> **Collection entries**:
────────────────────
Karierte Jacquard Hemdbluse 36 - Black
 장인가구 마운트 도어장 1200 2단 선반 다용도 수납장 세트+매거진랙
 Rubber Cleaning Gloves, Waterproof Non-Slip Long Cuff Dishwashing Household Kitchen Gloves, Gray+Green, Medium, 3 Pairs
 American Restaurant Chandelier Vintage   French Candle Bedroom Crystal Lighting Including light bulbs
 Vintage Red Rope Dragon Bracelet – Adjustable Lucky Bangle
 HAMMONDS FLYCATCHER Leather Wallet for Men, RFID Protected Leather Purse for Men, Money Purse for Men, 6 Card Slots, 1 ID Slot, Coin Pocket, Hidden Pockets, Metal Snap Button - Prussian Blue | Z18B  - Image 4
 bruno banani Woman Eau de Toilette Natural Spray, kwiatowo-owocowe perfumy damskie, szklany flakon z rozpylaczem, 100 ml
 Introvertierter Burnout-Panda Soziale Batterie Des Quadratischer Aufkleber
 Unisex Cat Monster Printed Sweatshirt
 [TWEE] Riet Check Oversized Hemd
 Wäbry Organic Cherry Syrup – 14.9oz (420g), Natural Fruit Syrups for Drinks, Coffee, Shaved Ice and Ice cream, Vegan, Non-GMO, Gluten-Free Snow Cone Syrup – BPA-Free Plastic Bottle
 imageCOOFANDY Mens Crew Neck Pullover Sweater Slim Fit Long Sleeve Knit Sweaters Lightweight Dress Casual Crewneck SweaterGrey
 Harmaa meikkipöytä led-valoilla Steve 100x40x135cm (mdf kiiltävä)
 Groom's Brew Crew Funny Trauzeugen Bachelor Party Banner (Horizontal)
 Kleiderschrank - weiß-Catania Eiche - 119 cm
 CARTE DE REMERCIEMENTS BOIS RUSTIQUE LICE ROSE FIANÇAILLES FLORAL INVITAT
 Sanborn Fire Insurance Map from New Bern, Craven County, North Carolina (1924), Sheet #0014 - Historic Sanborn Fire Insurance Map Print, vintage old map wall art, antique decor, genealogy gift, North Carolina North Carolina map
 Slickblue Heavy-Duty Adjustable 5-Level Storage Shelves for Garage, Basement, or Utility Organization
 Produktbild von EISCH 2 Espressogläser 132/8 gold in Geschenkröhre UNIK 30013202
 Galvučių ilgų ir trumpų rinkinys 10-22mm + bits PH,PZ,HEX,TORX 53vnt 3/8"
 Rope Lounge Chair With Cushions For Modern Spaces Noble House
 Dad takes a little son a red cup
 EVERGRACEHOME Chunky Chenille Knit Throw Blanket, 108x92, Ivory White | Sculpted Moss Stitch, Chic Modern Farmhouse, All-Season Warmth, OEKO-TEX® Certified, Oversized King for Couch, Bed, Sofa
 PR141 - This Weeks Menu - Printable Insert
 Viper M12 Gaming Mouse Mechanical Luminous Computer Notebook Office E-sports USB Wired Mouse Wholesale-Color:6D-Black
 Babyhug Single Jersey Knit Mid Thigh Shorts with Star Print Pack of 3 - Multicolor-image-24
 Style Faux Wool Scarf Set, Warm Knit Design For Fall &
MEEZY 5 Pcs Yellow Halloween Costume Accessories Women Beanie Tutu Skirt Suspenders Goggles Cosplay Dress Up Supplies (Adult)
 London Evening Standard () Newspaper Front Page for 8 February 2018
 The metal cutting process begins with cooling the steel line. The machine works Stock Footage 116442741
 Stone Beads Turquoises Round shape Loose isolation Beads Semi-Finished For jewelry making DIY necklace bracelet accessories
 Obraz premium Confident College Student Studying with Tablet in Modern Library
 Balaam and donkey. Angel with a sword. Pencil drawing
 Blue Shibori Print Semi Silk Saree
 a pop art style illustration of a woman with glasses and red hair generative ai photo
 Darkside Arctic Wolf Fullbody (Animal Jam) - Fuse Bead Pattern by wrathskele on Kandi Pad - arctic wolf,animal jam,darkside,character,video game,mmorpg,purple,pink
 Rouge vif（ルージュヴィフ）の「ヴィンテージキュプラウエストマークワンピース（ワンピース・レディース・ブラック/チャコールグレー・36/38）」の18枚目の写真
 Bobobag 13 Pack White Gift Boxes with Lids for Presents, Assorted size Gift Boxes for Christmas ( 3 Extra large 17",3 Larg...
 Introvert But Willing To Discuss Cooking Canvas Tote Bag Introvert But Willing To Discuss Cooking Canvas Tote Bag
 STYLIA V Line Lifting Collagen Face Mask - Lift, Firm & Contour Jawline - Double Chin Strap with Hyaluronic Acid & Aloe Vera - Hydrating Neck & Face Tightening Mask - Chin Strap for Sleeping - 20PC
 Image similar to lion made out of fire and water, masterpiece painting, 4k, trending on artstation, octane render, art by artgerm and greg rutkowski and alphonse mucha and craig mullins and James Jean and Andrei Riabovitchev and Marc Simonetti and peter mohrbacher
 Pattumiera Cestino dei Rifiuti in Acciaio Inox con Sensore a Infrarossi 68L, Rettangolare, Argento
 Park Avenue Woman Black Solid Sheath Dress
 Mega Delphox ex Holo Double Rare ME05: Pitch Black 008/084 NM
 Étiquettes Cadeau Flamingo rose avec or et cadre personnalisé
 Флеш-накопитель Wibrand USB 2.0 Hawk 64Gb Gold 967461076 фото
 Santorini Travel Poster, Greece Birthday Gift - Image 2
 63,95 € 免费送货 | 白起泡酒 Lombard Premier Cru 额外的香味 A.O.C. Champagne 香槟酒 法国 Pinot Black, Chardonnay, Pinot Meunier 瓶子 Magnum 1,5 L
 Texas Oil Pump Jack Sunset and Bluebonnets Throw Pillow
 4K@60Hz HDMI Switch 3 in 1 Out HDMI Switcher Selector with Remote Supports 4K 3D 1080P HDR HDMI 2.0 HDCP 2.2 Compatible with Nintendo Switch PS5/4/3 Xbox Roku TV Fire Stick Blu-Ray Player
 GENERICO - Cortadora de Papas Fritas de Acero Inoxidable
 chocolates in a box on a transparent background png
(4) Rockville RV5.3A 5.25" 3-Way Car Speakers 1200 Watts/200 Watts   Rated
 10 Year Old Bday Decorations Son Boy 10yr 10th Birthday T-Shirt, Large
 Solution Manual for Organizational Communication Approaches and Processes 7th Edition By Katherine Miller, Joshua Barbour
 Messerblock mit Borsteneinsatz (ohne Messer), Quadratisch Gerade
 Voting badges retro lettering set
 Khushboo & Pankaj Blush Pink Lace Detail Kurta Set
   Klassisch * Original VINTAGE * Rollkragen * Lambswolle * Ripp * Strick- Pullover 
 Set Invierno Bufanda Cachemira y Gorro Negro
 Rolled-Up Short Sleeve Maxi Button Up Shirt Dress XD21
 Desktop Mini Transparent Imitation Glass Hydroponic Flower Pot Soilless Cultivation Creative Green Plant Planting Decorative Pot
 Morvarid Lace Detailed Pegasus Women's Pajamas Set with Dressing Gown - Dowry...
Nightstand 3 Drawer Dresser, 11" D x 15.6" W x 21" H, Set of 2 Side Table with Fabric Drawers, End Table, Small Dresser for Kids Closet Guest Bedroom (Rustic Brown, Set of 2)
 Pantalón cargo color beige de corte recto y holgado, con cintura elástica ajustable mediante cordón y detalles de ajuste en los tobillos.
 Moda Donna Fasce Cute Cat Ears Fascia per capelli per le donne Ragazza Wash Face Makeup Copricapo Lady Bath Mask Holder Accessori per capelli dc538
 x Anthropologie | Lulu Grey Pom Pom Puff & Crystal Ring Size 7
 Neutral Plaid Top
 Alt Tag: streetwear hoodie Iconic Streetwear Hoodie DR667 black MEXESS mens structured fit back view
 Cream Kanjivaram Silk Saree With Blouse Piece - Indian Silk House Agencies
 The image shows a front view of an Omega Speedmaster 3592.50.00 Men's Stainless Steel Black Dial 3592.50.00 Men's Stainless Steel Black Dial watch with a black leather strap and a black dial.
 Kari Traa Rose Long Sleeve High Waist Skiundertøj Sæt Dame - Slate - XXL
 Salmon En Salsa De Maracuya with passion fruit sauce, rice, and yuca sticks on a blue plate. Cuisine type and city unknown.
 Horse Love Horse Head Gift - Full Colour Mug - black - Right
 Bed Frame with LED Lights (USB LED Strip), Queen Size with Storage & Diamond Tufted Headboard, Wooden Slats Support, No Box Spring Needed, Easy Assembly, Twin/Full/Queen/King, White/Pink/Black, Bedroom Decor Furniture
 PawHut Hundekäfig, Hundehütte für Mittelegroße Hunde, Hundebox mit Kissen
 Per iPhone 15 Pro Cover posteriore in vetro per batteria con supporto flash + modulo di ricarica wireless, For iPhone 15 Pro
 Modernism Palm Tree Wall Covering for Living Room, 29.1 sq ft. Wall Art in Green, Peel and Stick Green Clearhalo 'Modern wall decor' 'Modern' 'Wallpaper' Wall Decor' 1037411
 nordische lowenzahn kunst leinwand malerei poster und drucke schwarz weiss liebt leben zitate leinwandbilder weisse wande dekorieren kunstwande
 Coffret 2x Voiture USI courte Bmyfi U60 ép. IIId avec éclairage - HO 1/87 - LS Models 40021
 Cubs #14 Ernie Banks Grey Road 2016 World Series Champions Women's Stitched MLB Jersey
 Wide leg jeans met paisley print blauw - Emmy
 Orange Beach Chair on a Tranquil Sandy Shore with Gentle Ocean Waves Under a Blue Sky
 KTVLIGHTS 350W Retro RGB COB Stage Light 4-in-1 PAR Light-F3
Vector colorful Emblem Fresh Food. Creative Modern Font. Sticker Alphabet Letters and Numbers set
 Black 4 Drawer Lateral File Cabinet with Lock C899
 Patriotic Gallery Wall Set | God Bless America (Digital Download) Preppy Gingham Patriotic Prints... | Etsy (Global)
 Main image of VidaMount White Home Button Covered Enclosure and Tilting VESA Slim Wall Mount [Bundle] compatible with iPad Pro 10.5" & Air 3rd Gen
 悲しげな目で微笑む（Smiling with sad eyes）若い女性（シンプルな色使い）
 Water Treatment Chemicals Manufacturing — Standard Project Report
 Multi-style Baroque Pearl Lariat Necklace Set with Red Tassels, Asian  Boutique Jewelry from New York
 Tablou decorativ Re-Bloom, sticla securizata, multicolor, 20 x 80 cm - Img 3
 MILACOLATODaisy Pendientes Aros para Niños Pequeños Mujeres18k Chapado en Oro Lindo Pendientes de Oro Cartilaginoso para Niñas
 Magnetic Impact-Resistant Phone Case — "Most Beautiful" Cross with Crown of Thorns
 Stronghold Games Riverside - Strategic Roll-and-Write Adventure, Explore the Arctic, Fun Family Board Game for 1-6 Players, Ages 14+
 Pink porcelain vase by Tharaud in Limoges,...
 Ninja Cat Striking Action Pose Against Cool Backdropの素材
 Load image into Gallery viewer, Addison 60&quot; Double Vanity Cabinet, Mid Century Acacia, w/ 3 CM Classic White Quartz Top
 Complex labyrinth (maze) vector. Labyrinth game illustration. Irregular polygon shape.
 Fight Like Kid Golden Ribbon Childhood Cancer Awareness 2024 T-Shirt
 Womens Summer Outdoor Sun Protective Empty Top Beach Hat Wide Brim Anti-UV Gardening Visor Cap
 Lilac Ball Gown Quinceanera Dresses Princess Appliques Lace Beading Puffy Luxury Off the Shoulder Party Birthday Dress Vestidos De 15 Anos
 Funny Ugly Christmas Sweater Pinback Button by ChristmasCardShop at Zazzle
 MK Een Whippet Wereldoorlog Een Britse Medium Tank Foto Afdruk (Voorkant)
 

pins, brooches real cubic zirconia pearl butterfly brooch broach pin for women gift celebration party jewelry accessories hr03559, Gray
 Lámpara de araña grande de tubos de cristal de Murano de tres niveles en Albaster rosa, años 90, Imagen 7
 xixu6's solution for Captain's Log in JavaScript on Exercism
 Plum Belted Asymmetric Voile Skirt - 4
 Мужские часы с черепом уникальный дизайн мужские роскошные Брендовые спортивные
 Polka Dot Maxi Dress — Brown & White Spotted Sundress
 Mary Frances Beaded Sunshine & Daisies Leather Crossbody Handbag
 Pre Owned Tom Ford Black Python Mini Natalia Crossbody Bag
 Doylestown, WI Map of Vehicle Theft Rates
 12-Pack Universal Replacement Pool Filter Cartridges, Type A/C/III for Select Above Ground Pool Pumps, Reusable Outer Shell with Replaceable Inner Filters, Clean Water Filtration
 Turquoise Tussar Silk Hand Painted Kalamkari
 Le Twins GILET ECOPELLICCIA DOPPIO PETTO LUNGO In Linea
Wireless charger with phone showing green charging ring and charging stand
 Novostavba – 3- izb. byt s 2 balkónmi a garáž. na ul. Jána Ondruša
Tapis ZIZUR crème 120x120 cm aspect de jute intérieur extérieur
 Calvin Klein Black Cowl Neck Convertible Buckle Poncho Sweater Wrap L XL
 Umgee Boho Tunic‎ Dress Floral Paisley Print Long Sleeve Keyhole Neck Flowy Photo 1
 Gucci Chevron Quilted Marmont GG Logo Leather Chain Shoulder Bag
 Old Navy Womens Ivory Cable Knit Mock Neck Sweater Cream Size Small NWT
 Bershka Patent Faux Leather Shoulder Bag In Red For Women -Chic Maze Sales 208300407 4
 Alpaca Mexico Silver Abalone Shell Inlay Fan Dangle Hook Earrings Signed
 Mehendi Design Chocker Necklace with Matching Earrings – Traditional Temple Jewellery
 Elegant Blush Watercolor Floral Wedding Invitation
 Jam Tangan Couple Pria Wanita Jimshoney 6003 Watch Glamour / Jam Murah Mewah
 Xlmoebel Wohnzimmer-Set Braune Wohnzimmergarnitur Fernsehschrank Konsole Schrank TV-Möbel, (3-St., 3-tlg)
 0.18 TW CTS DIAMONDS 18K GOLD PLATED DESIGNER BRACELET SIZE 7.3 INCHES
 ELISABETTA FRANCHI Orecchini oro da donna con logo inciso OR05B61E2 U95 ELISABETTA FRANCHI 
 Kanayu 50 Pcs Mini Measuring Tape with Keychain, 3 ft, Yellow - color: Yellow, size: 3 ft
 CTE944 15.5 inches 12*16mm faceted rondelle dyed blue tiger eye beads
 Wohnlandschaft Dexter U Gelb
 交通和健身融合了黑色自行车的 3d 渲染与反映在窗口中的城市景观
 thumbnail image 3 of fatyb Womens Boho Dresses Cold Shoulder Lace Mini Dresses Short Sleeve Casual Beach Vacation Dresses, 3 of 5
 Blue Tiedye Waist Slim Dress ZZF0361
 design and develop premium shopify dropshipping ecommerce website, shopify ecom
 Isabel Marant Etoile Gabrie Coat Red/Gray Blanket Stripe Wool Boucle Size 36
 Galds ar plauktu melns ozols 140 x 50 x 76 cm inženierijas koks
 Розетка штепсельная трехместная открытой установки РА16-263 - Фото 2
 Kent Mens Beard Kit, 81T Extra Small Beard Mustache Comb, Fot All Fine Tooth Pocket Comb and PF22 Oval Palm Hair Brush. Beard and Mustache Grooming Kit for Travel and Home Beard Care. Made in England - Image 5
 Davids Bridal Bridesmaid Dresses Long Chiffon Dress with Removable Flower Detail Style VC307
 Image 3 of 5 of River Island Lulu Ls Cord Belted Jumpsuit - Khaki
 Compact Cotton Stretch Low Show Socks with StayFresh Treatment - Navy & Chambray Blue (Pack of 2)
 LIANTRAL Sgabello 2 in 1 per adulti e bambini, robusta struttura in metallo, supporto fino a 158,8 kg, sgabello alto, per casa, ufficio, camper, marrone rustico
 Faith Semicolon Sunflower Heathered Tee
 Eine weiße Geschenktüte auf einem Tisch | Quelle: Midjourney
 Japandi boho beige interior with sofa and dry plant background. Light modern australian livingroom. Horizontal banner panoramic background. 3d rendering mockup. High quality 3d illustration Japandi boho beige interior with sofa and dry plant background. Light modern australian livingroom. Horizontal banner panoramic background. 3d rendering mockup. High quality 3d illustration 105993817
────────────────────
> **WHAT NEEDS TO BE DONE**:
Please return the lines above that run from the line containing "Stronghold Games Riverside" to the line containing "Fight Like Kid", inclusive, exactly and with no other lines.

> **ANSWER BELOW**:
 Stronghold Games Riverside - Strategic Roll-and-Write Adventure, Explore the Arctic, Fun Family Board Game for 1-6 Players, Ages 14+
 Pink porcelain vase by Tharaud in Limoges,...
 Ninja Cat Striking Action Pose Against Cool Backdropの素材
 Load image into Gallery viewer, Addison 60&quot; Double Vanity Cabinet, Mid Century Acacia, w/ 3 CM Classic White Quartz Top
 Complex labyrinth (maze) vector. Labyrinth game illustration. Irregular polygon shape.
 Fight Like Kid Golden Ribbon Childhood Cancer Awareness 2024 T-Shirt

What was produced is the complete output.